Quelques départs classiques de torches avec éclatements dans le ciel. Jusque là rien à dire, nous sommes dans le plus basique des feux d’artifice puis, quelques autres lumières jaillissent au dessus de l’arche centrale. Un silence abyssal envahit la foule. Ce silence est impressionnant. Ambiance inverse des feux d’artifice d’été, fête du vin et autres. Pas un aoooh, pas un aaaah. Quelques mots par ci par là à voix basse, circulent. Les milliers de personnes restaient-elles muettes sous l’émerveillement ou étaient-elles dans l’attente d’un tableau d’embrasement médiatiquement annoncé. Comme cerise sur le gâteau, même les portables étaient mis par enchantement sur le mode silencieux et plus. Aucune communication ne pouvait s’établir, les gens se sentaient perdus, coupés du monde. Que s’est-il passé ? Saturation dans le ciel bordelais ?

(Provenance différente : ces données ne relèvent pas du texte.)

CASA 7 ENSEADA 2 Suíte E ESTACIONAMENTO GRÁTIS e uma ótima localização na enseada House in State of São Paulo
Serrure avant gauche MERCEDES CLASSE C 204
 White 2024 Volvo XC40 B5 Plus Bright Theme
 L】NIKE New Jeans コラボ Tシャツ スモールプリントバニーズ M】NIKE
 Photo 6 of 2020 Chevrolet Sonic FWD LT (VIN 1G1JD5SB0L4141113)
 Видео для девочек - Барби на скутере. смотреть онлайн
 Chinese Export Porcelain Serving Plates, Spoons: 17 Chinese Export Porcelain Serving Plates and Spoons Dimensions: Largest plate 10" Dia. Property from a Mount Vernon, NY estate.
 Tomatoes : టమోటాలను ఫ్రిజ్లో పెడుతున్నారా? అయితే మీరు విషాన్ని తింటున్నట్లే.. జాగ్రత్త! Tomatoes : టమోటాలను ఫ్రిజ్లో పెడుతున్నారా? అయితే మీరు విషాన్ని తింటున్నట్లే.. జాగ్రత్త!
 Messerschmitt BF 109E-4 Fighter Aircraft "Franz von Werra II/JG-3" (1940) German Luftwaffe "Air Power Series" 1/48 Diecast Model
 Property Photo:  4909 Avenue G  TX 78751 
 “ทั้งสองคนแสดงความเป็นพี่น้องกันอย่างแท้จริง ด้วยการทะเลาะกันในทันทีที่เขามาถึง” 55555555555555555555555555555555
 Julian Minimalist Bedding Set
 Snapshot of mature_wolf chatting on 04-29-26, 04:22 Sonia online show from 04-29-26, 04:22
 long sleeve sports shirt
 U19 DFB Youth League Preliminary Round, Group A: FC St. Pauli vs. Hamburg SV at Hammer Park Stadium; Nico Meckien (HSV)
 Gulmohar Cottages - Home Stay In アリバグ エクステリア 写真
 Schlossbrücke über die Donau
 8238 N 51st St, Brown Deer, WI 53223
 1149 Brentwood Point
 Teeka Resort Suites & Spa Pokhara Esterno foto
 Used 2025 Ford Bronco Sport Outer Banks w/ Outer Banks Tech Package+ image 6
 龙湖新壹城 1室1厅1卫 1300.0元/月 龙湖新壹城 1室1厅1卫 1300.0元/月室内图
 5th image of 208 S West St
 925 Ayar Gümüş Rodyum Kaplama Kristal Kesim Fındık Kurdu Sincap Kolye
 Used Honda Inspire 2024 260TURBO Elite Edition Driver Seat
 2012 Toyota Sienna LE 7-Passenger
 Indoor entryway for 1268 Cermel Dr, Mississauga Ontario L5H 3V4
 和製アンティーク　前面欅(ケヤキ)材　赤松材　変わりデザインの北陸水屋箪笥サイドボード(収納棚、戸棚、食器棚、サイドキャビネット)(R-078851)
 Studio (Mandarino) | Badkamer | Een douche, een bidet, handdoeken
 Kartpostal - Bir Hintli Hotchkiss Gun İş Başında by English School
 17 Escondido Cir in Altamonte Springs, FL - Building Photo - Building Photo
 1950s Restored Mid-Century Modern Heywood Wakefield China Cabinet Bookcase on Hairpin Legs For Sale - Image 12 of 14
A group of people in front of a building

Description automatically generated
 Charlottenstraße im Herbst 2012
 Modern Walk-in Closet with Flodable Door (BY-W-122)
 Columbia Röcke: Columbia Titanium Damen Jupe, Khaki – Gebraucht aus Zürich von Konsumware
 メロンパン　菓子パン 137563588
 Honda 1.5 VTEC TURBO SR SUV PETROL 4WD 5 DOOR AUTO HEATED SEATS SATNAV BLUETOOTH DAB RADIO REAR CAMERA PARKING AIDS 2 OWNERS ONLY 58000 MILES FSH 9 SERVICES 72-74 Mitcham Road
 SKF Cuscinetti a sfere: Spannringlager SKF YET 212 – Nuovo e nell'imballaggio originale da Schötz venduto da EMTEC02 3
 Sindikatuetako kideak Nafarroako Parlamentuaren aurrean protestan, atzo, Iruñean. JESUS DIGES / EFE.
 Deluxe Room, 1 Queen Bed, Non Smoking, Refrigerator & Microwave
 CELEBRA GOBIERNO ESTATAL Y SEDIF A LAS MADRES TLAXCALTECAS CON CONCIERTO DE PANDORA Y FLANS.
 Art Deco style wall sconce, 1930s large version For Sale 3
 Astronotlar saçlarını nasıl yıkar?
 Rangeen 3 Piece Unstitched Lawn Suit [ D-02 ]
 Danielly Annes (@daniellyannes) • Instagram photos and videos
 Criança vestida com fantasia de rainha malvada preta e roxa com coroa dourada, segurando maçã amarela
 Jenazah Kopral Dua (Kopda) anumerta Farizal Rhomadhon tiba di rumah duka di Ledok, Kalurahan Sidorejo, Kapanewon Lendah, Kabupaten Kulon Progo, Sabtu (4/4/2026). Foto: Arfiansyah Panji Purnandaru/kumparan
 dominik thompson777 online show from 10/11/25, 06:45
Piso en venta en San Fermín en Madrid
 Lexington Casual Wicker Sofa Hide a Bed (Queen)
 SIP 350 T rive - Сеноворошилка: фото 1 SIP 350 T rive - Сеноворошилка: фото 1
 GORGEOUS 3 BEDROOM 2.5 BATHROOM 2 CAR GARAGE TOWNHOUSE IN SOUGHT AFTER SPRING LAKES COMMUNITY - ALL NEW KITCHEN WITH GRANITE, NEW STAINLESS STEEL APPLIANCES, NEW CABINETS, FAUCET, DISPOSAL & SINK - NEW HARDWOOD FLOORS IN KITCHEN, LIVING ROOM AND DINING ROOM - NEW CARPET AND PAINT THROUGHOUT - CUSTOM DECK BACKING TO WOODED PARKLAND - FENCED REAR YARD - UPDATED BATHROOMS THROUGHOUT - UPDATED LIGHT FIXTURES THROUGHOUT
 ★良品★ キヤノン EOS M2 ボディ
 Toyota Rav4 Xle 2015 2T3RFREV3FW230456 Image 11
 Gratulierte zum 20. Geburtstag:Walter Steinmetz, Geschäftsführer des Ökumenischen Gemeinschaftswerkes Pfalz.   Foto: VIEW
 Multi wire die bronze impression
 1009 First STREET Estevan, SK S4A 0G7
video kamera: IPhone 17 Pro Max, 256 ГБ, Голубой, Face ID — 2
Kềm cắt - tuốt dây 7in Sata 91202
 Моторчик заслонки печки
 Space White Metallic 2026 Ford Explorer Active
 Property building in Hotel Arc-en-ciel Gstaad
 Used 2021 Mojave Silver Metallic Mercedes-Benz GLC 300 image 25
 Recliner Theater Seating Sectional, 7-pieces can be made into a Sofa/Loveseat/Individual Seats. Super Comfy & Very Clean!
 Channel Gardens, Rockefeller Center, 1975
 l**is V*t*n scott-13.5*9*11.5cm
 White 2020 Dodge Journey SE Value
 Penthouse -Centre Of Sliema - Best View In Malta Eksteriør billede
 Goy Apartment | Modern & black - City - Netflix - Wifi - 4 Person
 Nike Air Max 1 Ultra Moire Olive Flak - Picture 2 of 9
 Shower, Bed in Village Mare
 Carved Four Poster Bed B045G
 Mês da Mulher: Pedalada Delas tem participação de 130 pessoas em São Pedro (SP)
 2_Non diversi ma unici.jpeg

Voyant le tablier se baisser très lentement, j‘attends comme tout le monde avec impatience, l’immense embrasement tant attendu de ce pont par l’un des grands « faiseurs » de lumière du monde, Joan Bidault. Il est annoncé par la presse locale comme le grand spécialiste des mises en lumière, dites monumentales. Avec des interventions grandioses à Paris, à Dubaï et en Nouvelle Zélande, voici Bordeaux devant une foule frigorifiée et impatiente d’être le témoin d’un événement unique. Pendant ce temps, le tablier du pont descend toujours et arrive à son point le plus bas. On est effectivement émerveillé par quelques efficaces figures géométriques en effet miroir à la structure du pont, quelques clins d’oeil à la rive gauche, puis à la rive droite, quelques splendides cascades d’argent se déversant dans la Garonne, des effets de vagues, des couleurs de choix et de délicatesse puis enfin le bouquet final. Quatorze minutes viennent de s’écoulées. Les gens applaudissent du bout des doigts toujours dans un grand silence. Est-ce fini ? Personne ne bouge.

Où est passé l’incroyable spectacle de mise en lumière de ce pont tant annoncé et tant attendu par une foule considérable. ? « Un feu d’artifice de province ! » dit une personne non loin de moi. Sans approuver ses dires, on peut toutefois vraiment regretter et dire que si, nous n’avions pas été matraqué par les médias, pour dire que ce spectacle devait être un événement monumental, nous aurions pu mieux apprécier ce jeu d’artifices et de lumières à son juste titre.